Learning to RELAX
In this article, we'll explore some of the more advanced features of the RELAX schema language by using it to create a schema for the XMLNews-Story Markup Language. Although the XMLNews-Story markup language has been superseded by the News Industry Text Format, I've chosen it because it's simple, quite widely used, looks a great deal like HTML, and its RELAX specification will use most of the features we want to focus on.
A RELAX document is enclosed within a <module>
element.
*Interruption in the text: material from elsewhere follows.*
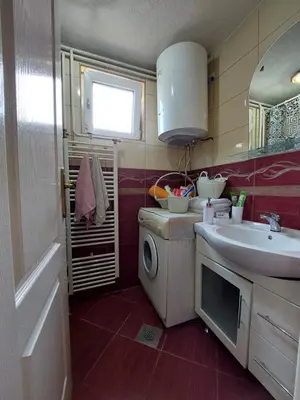 a bathroom with a sink and a washing machine at Apartment EM in Tuzla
The opening tag looks like
<module
moduleVersion="1.2"
relaxCoreVersion="1.0"
targetNamespace=""
xmlns="http://www.xml.gr.jp/xmlns/relaxCore">
The module tag is followed by the <interface>
element which specifies the root element of the document
that this RELAX schema is intended to validate. In the
case of a news story, this is
<interface>
<export label="nitf"/>
</interface>
If you have two types of documents that are the same except for their root element, you can have one RELAX document that will validate either kind of document.
<interface>
<export label="account-receivable"/>
<export label="account-payable"/>
</interface>
After the interface is specified, you specify the types of elements to be validated.
Every element in the target markup language is described by an
<elementRule>, which describes its content, and a
corresponding <tag>.
Each <elementRule> plays
a role in the document's structure and has a
label to which other elements can refer.
An empty element, such as <br/>, is specified thus:
<elementRule role="br" label="br">
<empty/>
</elementRule>
<tag name="br"/>
If the label is omitted, it is presumed to be the same
as the role.
A news story has a <byline>, which in turn includes
a <bytag> element that declares who wrote the story.
The <bytag> element consists of string data.
RELAX specifies this as follows.
<elementRule role="byline">
<ref label="bytag"/>
</elementRule>
<tag name="byline"/>
<elementRule role="bytag" type="string"/>
<tag name="bytag"/>
The type attribute specifies an element's datatype. The valid values
for a datatype include those taken from the XML Document Type
Definition, such as NMTOKEN and ID, as well
as those introduced by XML
Schema Part 2: Datatypes, such as string,
float, nonPositiveInteger, etc.
As in HTML documents, an <nitf> news story element
contains <head> and <body>
elements respectively. In a news story, they are both required.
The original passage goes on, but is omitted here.